Finals week at Binghamton University consists of sleep-deprived students roaming the Glenn G. Bartle Library and Lecture Hall in hopes of getting good grades. As the end of the semester rears its head, some students will do anything to succeed — even cheat.

Patrick Bahls, associate professor of mathematics at University of North Carolina-Asheville, believes the answer to reduce cheating in college classes is through assigning take-home exams.

By doing away with in-class exams and changing the test-taking environment, Bahls wants to promote a culture of learning where the goal is to gain not just high marks but authorship of a subject.

“The system is set up to encourage grade-grubbing,” said Bahls, who has taught at the college level for 13 years. Bahls said the college system encourages testing to be a high stakes game where the aim is to get a higher grade than your classmates.

On his blog, titled “Change of Basis,” Bahls wrote that “to ‘cheat’ requires that there be a ‘game,’ and that it matter that people follow the rules of that game, and further that it matter that in order to succeed at the game one must ‘do better’ than anyone else playing the game.”

According to Bahls, the natural response to this constructed game is cheating, and he calls for a testing system where students are guided by discovery and not prescription.

“A system emphasizing active learning rather than being passive receptors of it,” Bahls said.

According to Bahls, well-crafted take-home exams could take the pressure off and reduce incidences of students gaming the system by cheating. He said the current system gives students the wrong incentives by providing rewards for optimal performance rather than intrinsic rewards for mastery.

If educators lessen the emphasis on competition in the classroom, academic dishonesty will fade away, Bahls said.

Some Binghamton University professors disagree with Bahls’ hypothesis.

“I didn’t feel like I was competing in a cut-throat environment as an undergrad,” said Rolf Quam, a visiting assistant professor of anthropology. “It’s about you as an individual student.”
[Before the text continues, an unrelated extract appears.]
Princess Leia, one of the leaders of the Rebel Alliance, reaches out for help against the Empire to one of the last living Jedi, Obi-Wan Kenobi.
Quam, who assigns take-home exams in his upper-level course, believes a class structure based on take-home exams would make cheating more attractive since there is no way to police students outside the classroom and keep them from working together.

“Take-home exams place burden on the student to do it honestly. The burden is taken more seriously in upper-level students and small classes,” Quam said.
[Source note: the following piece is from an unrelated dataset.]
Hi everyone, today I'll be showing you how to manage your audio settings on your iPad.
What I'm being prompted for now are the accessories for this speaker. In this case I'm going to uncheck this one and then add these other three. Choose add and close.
Quam noted that in-class exams offer a level playing field for students.

Bahls did have hesitations about completely removing in-class exams from the curriculum. According to Bahls, assigning take-home exams only without proper preparation would be a disaster if the students did not understand the purpose of them.

Vivien Levine, a senior majoring in political science and economics at BU, would welcome a shift from in-class timed exams to a take-home exam structure.

“I would like it because I’d have more time to formulate my answers and not be cramming to memorize so much info in a short amount of time,” Levine said. “And utilize the info I’ve used from class rather than only know it for the short term.”

Alan Lockard, a visiting assistant professor of economics, said it’s not the type of exam that causes students to cheat but how the class is run.

“What makes [cheating] more prevalent is how easy it is to get away with,” said Lockard, who will administer a take-home exam in his “Economics of Conflict” spring course.

“It has a lot to do with class size,” Lockard said. “In a ‘Principles’ class of 200, the students are packed on top of each other.”

To curtail cheating in a lecture hall of hundreds, Lockard stopped assigning his normal two midterm exams. Instead, he uses one final for his lower-level course where students are spread out and watched. Lockard agrees that high-stakes exams lead students to cheat, but only for the students who are desperate and did not keep up with the coursework.

Bahls noted his system of examination is not for every class.

“Everyone learns differently and everyone teaches differently,” he said.

For Bahls, some students will try to game the system regardless of whether an exam is inside or outside the classroom.

“We’re all human. Because of the way I run my classes, I know what my students care about academically,” Bahls said. “Even if the student is tempted, they’ll back away from cheating because they’ve developed this mutual respect for the teacher. Temptation will always be there.”